It's been 41/2 years since we said our goodbyes to Sawyer, and it just doesn't seem to get any easier. I've prayed about it and prayed more about it and the pain is still there like it happened yesterday. Along the way I've been able to let go of alot of anger and I mean alot. I remember just yelling at the top of my lungs WHY?? why is this happening to us. Being so angry with God that he is letting this happen to MY baby.
Christmas is always hard for me, when I go to hang up the stockings it seems so weird and still very hard to comprehend that Sawyer doesn't have one. And yes I have thought about making him one but for me to see it hanging there would be just too painful. I often wonder who he would have looked like. Would he have my husband's warm smile or my caring heart......and how he would play with his brothers'.

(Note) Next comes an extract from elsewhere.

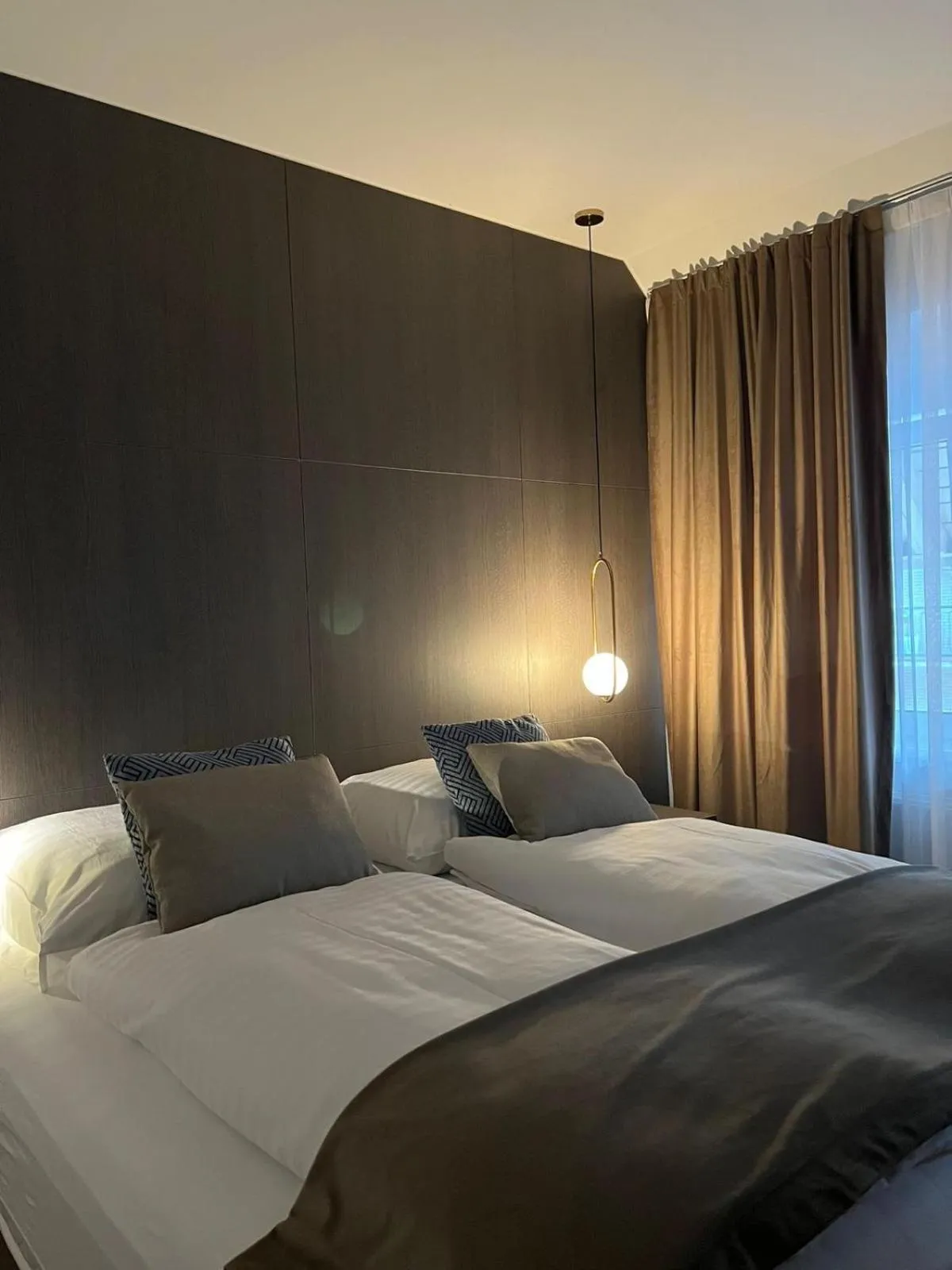 Bed in Hotel Harmshof Bispingen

I read stories of other families that have had a loss of a child and not that it makes me happy that they have had to go through all the pain but happy that they also know what you went through and are still going through. Cause let me tell you, you can NEVER get that image out of your head. I remember being at the cemetery and after the prayer was said I just fell completely apart in every way shape and form. All I remember was my brother Jason coming up from behind and holding me so tight and not wanting to let go.
The next few months after his passing was such a blur. I felt so distant from everyone around me except for Xavier. I wouldn't let him out of my sight in fear that I would loose him too.
My faith had gotten me through so much and I will continue to pray that my days will get easier and my heart will heal.